Input data:
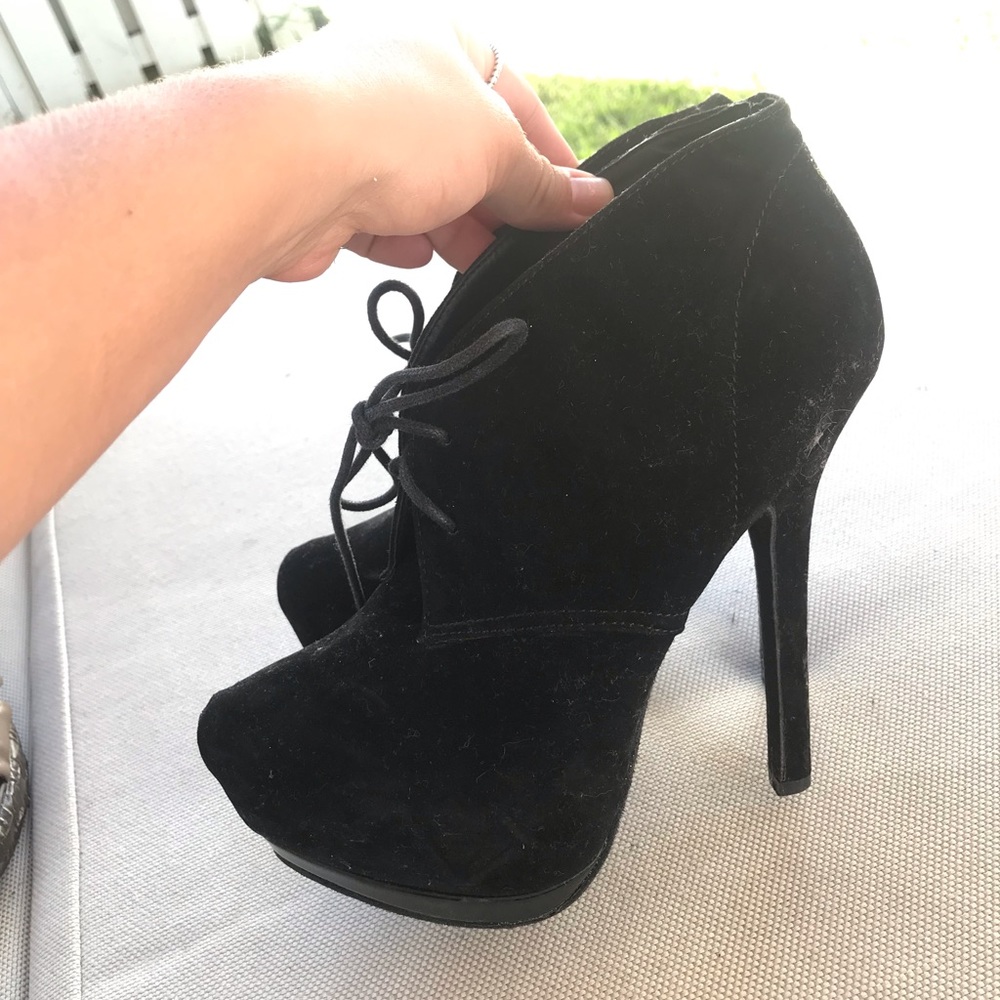 Black ankle booties
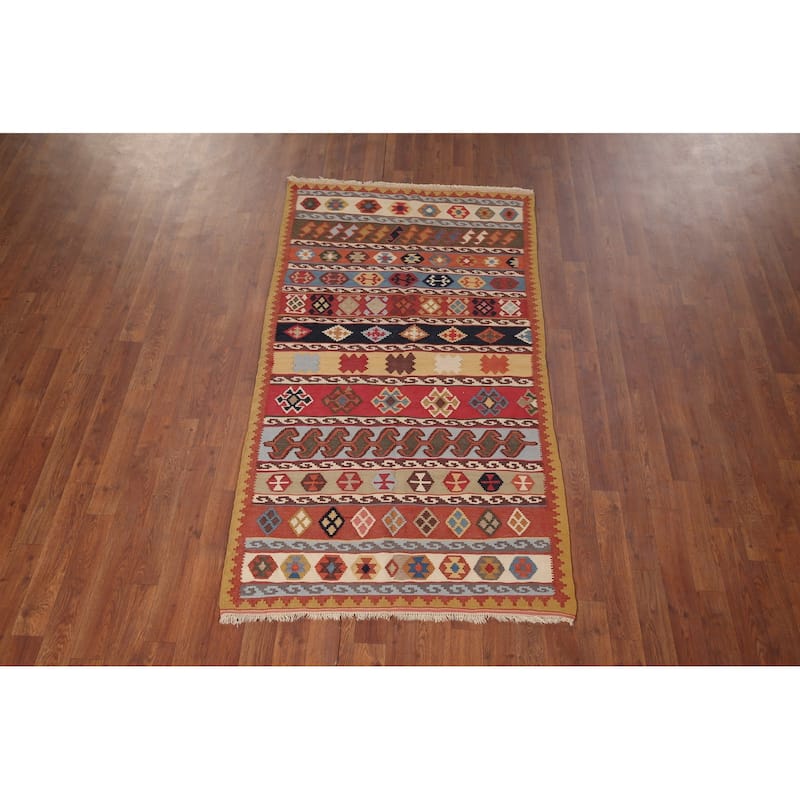Vegetable Dye Kilim Qashqai Persian Vintage Wool Carpet - 3'2"x 5'11"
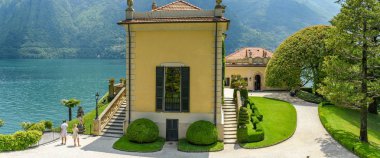 Lenno, Como Gölü, İtalya - Haziran 2019: Como Gölü üzerindeki Lenno'daki Villa Balbianello arazisinin panoramik manzarası.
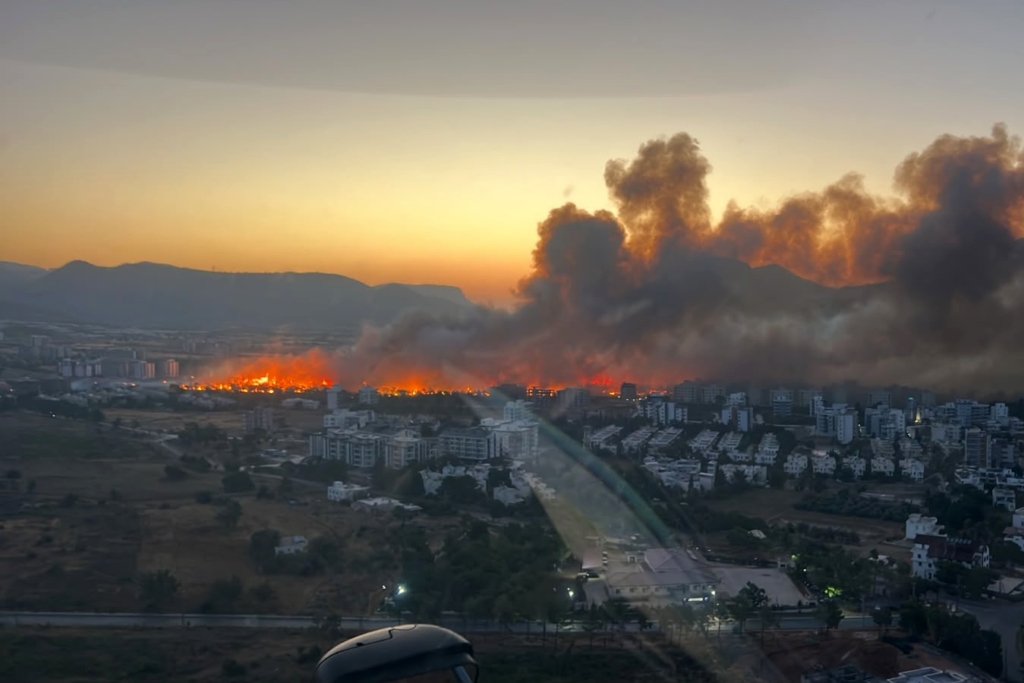 Mersin’de yangın, ekiplerin havadan ve karadan müdahalesiyle söndürüldü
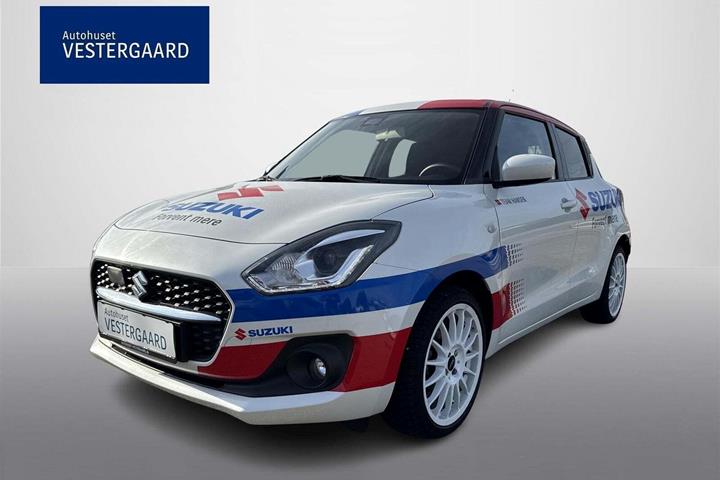 Hvid Suzuki Swift fra 2023 set udefra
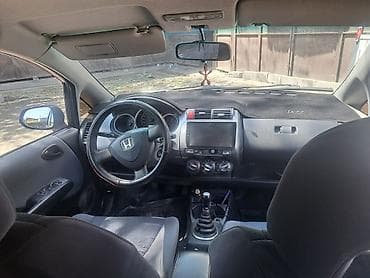 mersedesbenz sprinter: Honda Fit: 2004 г., 1.3 л, Ручные, Хэтчбэк — 4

Task description: If a line holds an image, leave the image out; retype everything else in the entries exactly.

Exercise solution:
 Black ankle booties
Vegetable Dye Kilim Qashqai Persian Vintage Wool Carpet - 3'2"x 5'11"
 Lenno, Como Gölü, İtalya - Haziran 2019: Como Gölü üzerindeki Lenno'daki Villa Balbianello arazisinin panoramik manzarası.
 Mersin’de yangın, ekiplerin havadan ve karadan müdahalesiyle söndürüldü
 Hvid Suzuki Swift fra 2023 set udefra
 mersedesbenz sprinter: Honda Fit: 2004 г., 1.3 л, Ручные, Хэтчбэк — 4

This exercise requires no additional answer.